# [Available data]
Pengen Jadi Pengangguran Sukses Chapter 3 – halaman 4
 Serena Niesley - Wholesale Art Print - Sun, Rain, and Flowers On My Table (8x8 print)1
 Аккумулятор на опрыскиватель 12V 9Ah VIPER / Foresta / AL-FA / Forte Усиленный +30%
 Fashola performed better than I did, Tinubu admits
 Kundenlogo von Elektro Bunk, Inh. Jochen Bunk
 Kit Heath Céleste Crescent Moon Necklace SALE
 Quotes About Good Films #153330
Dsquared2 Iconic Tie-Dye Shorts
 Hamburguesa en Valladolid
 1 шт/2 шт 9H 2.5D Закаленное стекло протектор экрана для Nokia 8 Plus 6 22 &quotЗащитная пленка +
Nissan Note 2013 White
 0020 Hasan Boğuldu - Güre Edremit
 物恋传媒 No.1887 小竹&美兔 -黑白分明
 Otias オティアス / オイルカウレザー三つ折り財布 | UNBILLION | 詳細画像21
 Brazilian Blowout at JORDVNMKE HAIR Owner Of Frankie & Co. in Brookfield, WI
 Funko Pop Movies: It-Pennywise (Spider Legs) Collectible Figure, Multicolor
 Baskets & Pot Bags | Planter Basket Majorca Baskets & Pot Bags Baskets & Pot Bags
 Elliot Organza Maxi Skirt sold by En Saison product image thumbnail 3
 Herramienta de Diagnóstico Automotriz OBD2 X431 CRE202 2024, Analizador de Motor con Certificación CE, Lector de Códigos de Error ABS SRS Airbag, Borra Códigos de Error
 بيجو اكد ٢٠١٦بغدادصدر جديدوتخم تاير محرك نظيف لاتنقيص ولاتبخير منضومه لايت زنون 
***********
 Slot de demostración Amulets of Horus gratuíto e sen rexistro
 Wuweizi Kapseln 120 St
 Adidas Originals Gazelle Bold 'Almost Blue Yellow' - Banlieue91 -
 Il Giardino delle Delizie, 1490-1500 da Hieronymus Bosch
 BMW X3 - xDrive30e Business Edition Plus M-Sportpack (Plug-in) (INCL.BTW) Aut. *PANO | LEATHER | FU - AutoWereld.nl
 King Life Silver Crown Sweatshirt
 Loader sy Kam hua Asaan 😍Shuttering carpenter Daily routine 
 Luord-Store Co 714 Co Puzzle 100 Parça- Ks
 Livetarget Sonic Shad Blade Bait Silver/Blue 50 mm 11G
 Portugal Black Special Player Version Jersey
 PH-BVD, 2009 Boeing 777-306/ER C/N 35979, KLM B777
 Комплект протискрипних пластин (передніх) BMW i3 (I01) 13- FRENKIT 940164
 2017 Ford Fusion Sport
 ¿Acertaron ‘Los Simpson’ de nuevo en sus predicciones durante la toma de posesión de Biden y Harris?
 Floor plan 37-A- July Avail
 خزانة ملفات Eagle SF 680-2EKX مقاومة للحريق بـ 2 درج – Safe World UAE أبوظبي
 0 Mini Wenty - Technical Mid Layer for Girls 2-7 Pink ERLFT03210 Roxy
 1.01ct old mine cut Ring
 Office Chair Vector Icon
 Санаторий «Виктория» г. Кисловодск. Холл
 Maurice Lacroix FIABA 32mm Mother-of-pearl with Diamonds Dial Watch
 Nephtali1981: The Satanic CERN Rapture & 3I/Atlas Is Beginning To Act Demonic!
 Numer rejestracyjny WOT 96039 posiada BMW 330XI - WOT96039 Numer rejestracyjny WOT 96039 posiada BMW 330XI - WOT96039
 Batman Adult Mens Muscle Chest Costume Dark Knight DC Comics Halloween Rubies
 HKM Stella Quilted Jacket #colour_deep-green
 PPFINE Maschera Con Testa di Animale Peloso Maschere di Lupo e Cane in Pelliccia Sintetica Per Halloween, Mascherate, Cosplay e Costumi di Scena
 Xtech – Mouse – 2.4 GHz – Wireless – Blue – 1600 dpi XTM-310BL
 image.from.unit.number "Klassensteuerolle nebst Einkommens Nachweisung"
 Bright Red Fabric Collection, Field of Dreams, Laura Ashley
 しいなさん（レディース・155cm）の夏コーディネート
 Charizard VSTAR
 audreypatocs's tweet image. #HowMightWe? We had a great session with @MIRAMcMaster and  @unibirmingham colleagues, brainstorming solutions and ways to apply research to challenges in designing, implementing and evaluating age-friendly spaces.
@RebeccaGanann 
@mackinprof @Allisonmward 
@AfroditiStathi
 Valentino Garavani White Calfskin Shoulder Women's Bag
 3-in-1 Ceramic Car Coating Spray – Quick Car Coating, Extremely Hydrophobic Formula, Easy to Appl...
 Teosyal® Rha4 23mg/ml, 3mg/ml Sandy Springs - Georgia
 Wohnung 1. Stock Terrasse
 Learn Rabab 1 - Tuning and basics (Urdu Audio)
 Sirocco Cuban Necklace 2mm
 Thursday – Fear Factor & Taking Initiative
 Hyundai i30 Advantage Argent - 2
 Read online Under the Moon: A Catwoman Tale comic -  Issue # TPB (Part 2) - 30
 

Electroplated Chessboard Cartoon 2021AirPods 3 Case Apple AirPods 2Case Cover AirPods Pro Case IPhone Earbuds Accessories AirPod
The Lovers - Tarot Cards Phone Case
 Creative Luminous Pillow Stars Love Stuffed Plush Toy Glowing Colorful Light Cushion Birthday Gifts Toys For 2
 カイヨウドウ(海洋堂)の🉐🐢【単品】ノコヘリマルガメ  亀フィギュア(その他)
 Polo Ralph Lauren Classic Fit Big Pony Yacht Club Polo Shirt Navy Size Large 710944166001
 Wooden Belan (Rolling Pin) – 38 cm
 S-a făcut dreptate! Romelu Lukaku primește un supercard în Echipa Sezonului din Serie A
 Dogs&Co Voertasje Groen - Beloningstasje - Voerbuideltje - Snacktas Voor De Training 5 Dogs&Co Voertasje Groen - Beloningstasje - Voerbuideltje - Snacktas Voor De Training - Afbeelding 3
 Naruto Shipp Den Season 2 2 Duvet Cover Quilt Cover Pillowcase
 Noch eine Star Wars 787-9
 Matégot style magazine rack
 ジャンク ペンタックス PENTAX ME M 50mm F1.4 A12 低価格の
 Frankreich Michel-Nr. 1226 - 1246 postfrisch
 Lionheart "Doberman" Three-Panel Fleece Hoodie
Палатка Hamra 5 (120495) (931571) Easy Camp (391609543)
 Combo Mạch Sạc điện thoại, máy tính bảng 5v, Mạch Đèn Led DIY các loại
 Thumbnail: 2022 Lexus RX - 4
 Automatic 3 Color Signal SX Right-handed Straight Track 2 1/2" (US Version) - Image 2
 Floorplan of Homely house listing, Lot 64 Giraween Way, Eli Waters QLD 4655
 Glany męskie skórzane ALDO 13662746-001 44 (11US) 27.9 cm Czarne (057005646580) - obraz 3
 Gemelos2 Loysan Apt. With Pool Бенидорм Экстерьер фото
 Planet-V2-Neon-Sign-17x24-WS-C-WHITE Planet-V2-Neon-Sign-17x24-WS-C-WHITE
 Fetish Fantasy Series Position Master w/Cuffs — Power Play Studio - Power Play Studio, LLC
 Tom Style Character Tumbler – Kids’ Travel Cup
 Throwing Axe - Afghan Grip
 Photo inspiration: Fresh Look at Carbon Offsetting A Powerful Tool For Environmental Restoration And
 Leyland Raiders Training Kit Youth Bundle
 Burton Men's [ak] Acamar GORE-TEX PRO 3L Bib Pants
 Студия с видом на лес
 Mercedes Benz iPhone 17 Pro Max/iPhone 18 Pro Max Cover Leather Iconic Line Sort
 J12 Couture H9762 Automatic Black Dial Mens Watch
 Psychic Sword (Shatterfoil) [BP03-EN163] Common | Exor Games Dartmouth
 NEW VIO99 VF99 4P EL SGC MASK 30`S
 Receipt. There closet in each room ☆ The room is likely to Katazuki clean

# [What the task requires]
Write the records out precisely, omitting nothing.

# [Response]
Pengen Jadi Pengangguran Sukses Chapter 3 – halaman 4
 Serena Niesley - Wholesale Art Print - Sun, Rain, and Flowers On My Table (8x8 print)1
 Аккумулятор на опрыскиватель 12V 9Ah VIPER / Foresta / AL-FA / Forte Усиленный +30%
 Fashola performed better than I did, Tinubu admits
 Kundenlogo von Elektro Bunk, Inh. Jochen Bunk
 Kit Heath Céleste Crescent Moon Necklace SALE
 Quotes About Good Films #153330
Dsquared2 Iconic Tie-Dye Shorts
 Hamburguesa en Valladolid
 1 шт/2 шт 9H 2.5D Закаленное стекло протектор экрана для Nokia 8 Plus 6 22 &quotЗащитная пленка +
Nissan Note 2013 White
 0020 Hasan Boğuldu - Güre Edremit
 物恋传媒 No.1887 小竹&美兔 -黑白分明
 Otias オティアス / オイルカウレザー三つ折り財布 | UNBILLION | 詳細画像21
 Brazilian Blowout at JORDVNMKE HAIR Owner Of Frankie & Co. in Brookfield, WI
 Funko Pop Movies: It-Pennywise (Spider Legs) Collectible Figure, Multicolor
 Baskets & Pot Bags | Planter Basket Majorca Baskets & Pot Bags Baskets & Pot Bags
 Elliot Organza Maxi Skirt sold by En Saison product image thumbnail 3
 Herramienta de Diagnóstico Automotriz OBD2 X431 CRE202 2024, Analizador de Motor con Certificación CE, Lector de Códigos de Error ABS SRS Airbag, Borra Códigos de Error
 بيجو اكد ٢٠١٦بغدادصدر جديدوتخم تاير محرك نظيف لاتنقيص ولاتبخير منضومه لايت زنون 
***********
 Slot de demostración Amulets of Horus gratuíto e sen rexistro
 Wuweizi Kapseln 120 St
 Adidas Originals Gazelle Bold 'Almost Blue Yellow' - Banlieue91 -
 Il Giardino delle Delizie, 1490-1500 da Hieronymus Bosch
 BMW X3 - xDrive30e Business Edition Plus M-Sportpack (Plug-in) (INCL.BTW) Aut. *PANO | LEATHER | FU - AutoWereld.nl
 King Life Silver Crown Sweatshirt
 Loader sy Kam hua Asaan 😍Shuttering carpenter Daily routine 
 Luord-Store Co 714 Co Puzzle 100 Parça- Ks
 Livetarget Sonic Shad Blade Bait Silver/Blue 50 mm 11G
 Portugal Black Special Player Version Jersey
 PH-BVD, 2009 Boeing 777-306/ER C/N 35979, KLM B777
 Комплект протискрипних пластин (передніх) BMW i3 (I01) 13- FRENKIT 940164
 2017 Ford Fusion Sport
 ¿Acertaron ‘Los Simpson’ de nuevo en sus predicciones durante la toma de posesión de Biden y Harris?
 Floor plan 37-A- July Avail
 خزانة ملفات Eagle SF 680-2EKX مقاومة للحريق بـ 2 درج – Safe World UAE أبوظبي
 0 Mini Wenty - Technical Mid Layer for Girls 2-7 Pink ERLFT03210 Roxy
 1.01ct old mine cut Ring
 Office Chair Vector Icon
 Санаторий «Виктория» г. Кисловодск. Холл
 Maurice Lacroix FIABA 32mm Mother-of-pearl with Diamonds Dial Watch
 Nephtali1981: The Satanic CERN Rapture & 3I/Atlas Is Beginning To Act Demonic!
 Numer rejestracyjny WOT 96039 posiada BMW 330XI - WOT96039 Numer rejestracyjny WOT 96039 posiada BMW 330XI - WOT96039
 Batman Adult Mens Muscle Chest Costume Dark Knight DC Comics Halloween Rubies
 HKM Stella Quilted Jacket #colour_deep-green
 PPFINE Maschera Con Testa di Animale Peloso Maschere di Lupo e Cane in Pelliccia Sintetica Per Halloween, Mascherate, Cosplay e Costumi di Scena
 Xtech – Mouse – 2.4 GHz – Wireless – Blue – 1600 dpi XTM-310BL
 image.from.unit.number "Klassensteuerolle nebst Einkommens Nachweisung"
 Bright Red Fabric Collection, Field of Dreams, Laura Ashley
 しいなさん（レディース・155cm）の夏コーディネート
 Charizard VSTAR
 audreypatocs's tweet image. #HowMightWe? We had a great session with @MIRAMcMaster and  @unibirmingham colleagues, brainstorming solutions and ways to apply research to challenges in designing, implementing and evaluating age-friendly spaces.
@RebeccaGanann 
@mackinprof @Allisonmward 
@AfroditiStathi
 Valentino Garavani White Calfskin Shoulder Women's Bag
 3-in-1 Ceramic Car Coating Spray – Quick Car Coating, Extremely Hydrophobic Formula, Easy to Appl...
 Teosyal® Rha4 23mg/ml, 3mg/ml Sandy Springs - Georgia
 Wohnung 1. Stock Terrasse
 Learn Rabab 1 - Tuning and basics (Urdu Audio)
 Sirocco Cuban Necklace 2mm
 Thursday – Fear Factor & Taking Initiative
 Hyundai i30 Advantage Argent - 2
 Read online Under the Moon: A Catwoman Tale comic -  Issue # TPB (Part 2) - 30
 

Electroplated Chessboard Cartoon 2021AirPods 3 Case Apple AirPods 2Case Cover AirPods Pro Case IPhone Earbuds Accessories AirPod
The Lovers - Tarot Cards Phone Case
 Creative Luminous Pillow Stars Love Stuffed Plush Toy Glowing Colorful Light Cushion Birthday Gifts Toys For 2
 カイヨウドウ(海洋堂)の🉐🐢【単品】ノコヘリマルガメ  亀フィギュア(その他)
 Polo Ralph Lauren Classic Fit Big Pony Yacht Club Polo Shirt Navy Size Large 710944166001
 Wooden Belan (Rolling Pin) – 38 cm
 S-a făcut dreptate! Romelu Lukaku primește un supercard în Echipa Sezonului din Serie A
 Dogs&Co Voertasje Groen - Beloningstasje - Voerbuideltje - Snacktas Voor De Training 5 Dogs&Co Voertasje Groen - Beloningstasje - Voerbuideltje - Snacktas Voor De Training - Afbeelding 3
 Naruto Shipp Den Season 2 2 Duvet Cover Quilt Cover Pillowcase
 Noch eine Star Wars 787-9
 Matégot style magazine rack
 ジャンク ペンタックス PENTAX ME M 50mm F1.4 A12 低価格の
 Frankreich Michel-Nr. 1226 - 1246 postfrisch
 Lionheart "Doberman" Three-Panel Fleece Hoodie
Палатка Hamra 5 (120495) (931571) Easy Camp (391609543)
 Combo Mạch Sạc điện thoại, máy tính bảng 5v, Mạch Đèn Led DIY các loại
 Thumbnail: 2022 Lexus RX - 4
 Automatic 3 Color Signal SX Right-handed Straight Track 2 1/2" (US Version) - Image 2
 Floorplan of Homely house listing, Lot 64 Giraween Way, Eli Waters QLD 4655
 Glany męskie skórzane ALDO 13662746-001 44 (11US) 27.9 cm Czarne (057005646580) - obraz 3
 Gemelos2 Loysan Apt. With Pool Бенидорм Экстерьер фото
 Planet-V2-Neon-Sign-17x24-WS-C-WHITE Planet-V2-Neon-Sign-17x24-WS-C-WHITE
 Fetish Fantasy Series Position Master w/Cuffs — Power Play Studio - Power Play Studio, LLC
 Tom Style Character Tumbler – Kids’ Travel Cup
 Throwing Axe - Afghan Grip
 Photo inspiration: Fresh Look at Carbon Offsetting A Powerful Tool For Environmental Restoration And
 Leyland Raiders Training Kit Youth Bundle
 Burton Men's [ak] Acamar GORE-TEX PRO 3L Bib Pants
 Студия с видом на лес
 Mercedes Benz iPhone 17 Pro Max/iPhone 18 Pro Max Cover Leather Iconic Line Sort
 J12 Couture H9762 Automatic Black Dial Mens Watch
 Psychic Sword (Shatterfoil) [BP03-EN163] Common | Exor Games Dartmouth
 NEW VIO99 VF99 4P EL SGC MASK 30`S
 Receipt. There closet in each room ☆ The room is likely to Katazuki clean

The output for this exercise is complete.